Падак изящно отдал салют, но от Суллы не укрылось, как надулись его полные губы, когда тот отвернулся. Парень становится опасен. Ему не добраться до Рима. Произойдет какой-нибудь несчастный случай — например, падение с великолепного жеребца. Идеально.
Наконец Суллу оставили одного. Он присел на низкое ложе и провел рукой по мягкой ткани. Снаружи послышалось тихое женское покашливание, и Сулла улыбнулся в предвкушении.
Подчиняясь его оклику, в шатер вошли две девушки — стройные, чисто и богато одетые и очень красивые.
— Прекрасно, — выдохнул Сулла и похлопал по ложу.

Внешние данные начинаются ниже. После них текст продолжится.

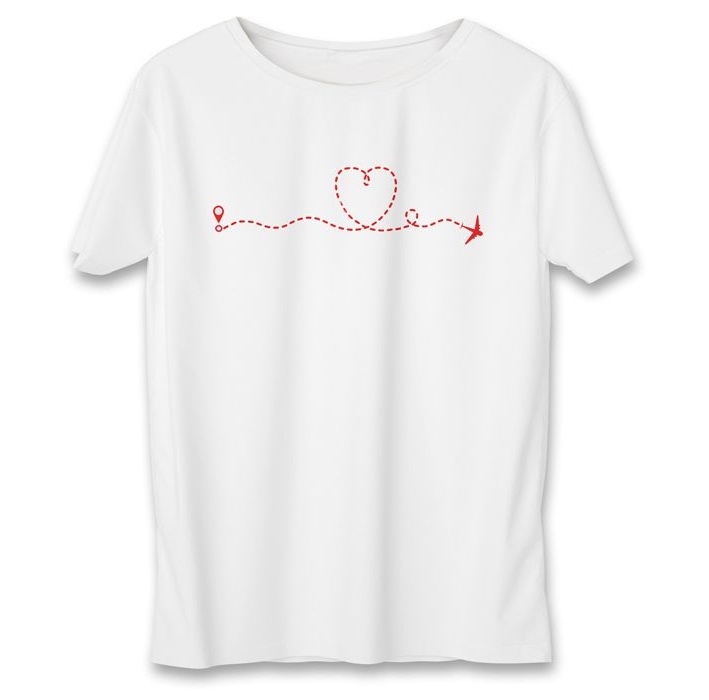 تی شرت نه به رسم طرح مسیر قلب کد 574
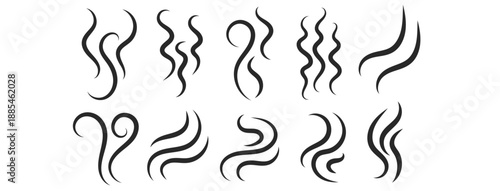 Set of hot steam and smoke icons with aroma waves. Sketch style logos for coffee aroma, heat steam and fresh air swirls in icon silhouettes. Vector illustration.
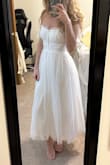 Loved this dress for my bridal shower! The only thing is that the straps were a little tight/uncomfortable to wear around my shoulders or off the shoulder. But got so many compliments! - Kelsey R.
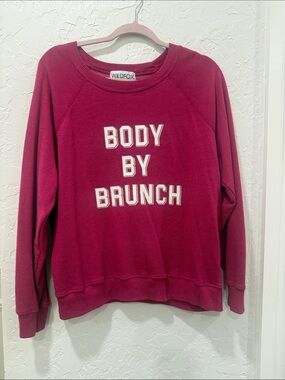 Wildfox Raspberry Crewneck Sweatshirt with White Lettering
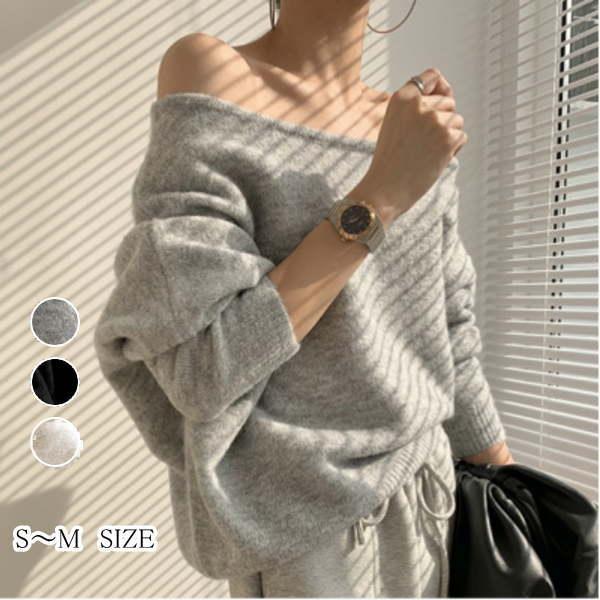 ニット セーター オフショルダー 重ね着風 肩魅せ 肩出し ドロップショルダー 長袖 プルオーバー ...
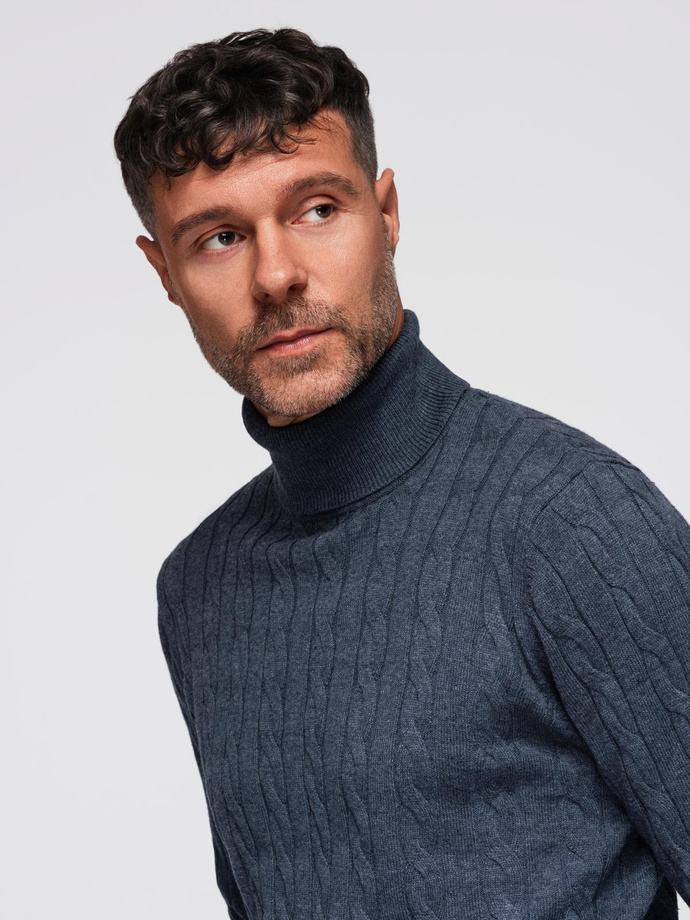 Knitted monochrome men's viscose cardigan - navy blue V1 OM-SWCD-0126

Несмотря на все свои недостатки, Падак умел выбирать красивых женщин — талант, который при данных обстоятельствах пропадал впустую.
Марий смерил племянника хмурым взглядом.
— Я не против твоего желания жениться! Цинна окажет тебе поддержку в карьере. Женитьба на его дочери выгодна с политической и с личной стороны. Однако я сомневаюсь в выборе времени. Легион Суллы, скорее всего, завтра вечером будет у городских ворот, а ты хочешь, чтобы я организовал все в такой спешке?
К генералу подбежал легионер с охапкой свитков и бумаг и попытался отдать салют. Марий поднял руку, чтобы удержать его.
— Ты ведь говорил мне, что делать, если завтра что-то не получится? — тихо начал Гай.
Марий кивнул и повернулся к стражнику.
— Жди снаружи. Я позову тебя, когда закончу.
Тот снова попытался отдать салют и рысью убежал прочь. Как только он удалился настолько, чтобы их не слышать, Гай снова заговорил:
— Если у нас по какой-то причине что-то не получится… и мне придется бежать из города, я не оставлю Корнелию незамужней.
— Ей с тобой нельзя! — резко ответил Марий.
— Да. Но я не могу оставить ее без защиты своего имени. Может оказаться, что она беременна.